Distributed transaction BASE theory

BASE theory is an extension and supplement to CAP and AP scheme in CAP. Even if AP scheme is selected, how to achieve C better in the end.

BASE is the abbreviation of three phrases: basic availability, flexible state, and final consistency. The core idea is that even if strong consistency cannot be achieved, applications can adopt appropriate ways to achieve final consistency.

A practical example of CAP in service

For the CAP of the project, please refer to li yunhua’s book learning architecture from scratch, in which chapter 21,22 describes the theoretical details of CAP and the evolution process of CAP version in detail.

Here the emphasis is on how to guide and apply the god-like CAP in our micro services. I will probably cite some common examples

Service registry, AP or CP?

Problems solved by the service registry

Before we discuss CAP, let’s clarify what the service registry is primarily about: service registration and service discovery.

  • Service registration: The instance registers its service information with the registry, including the host IP address of the service, the Port of the service, and the status and access protocol information of the service.

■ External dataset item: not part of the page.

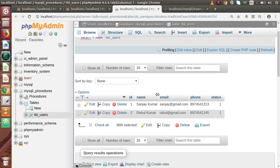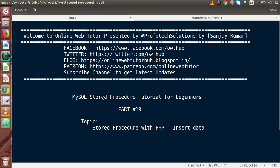This video demonstrates how to use the MySQLi stored procedure with PHP commands, specifically the insert data operation. In the next video we will see about update, delete, and read operations. If you have any doubt, please drop your comment and I will reply as soon as possible. Thank you for watching and have a great day.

  • Service discovery: Instances request information about services that the registry relies on, and service instances obtain information about registered service instances from the registry to request services they provide.

Some of the components currently serving as registries are: Dubbo’s ZooKeeper, SpringCloud’s Eureka, Consul, rocketMq’s nameServer, and HDFS’s nameNode. At present, dubbo and SpringCloud are the mainstream microservices, and ZooKeeper and Eureka are the most used. Let’s take a look at how to choose a registry according to CAP theory. (ZK can also be used for SpringCloud, though it is not a mainstream option).

They choose the CP

Zookeep ensures that CP, that is, the access request to ZooKeeper at any time can obtain consistent data results, and the system has fault tolerance for network segmentation, but it cannot guarantee the availability of each service. From a practical point of view, when using ZooKeeper to obtain the service list, if the ZK is electing or more than half of the machines in the ZK cluster are unavailable, the data will not be available. Therefore, ZK cannot guarantee service availability.

Had to choose the AP

Eureka guarantees AP, and eureka prioritizes availability in design. Every node is equal, and the failure of some nodes will not affect the work of normal nodes. There will be no leader election process similar to ZK. As long as one Eureka exists, the entire service is guaranteed to be available, although the information on the service may not be up to date.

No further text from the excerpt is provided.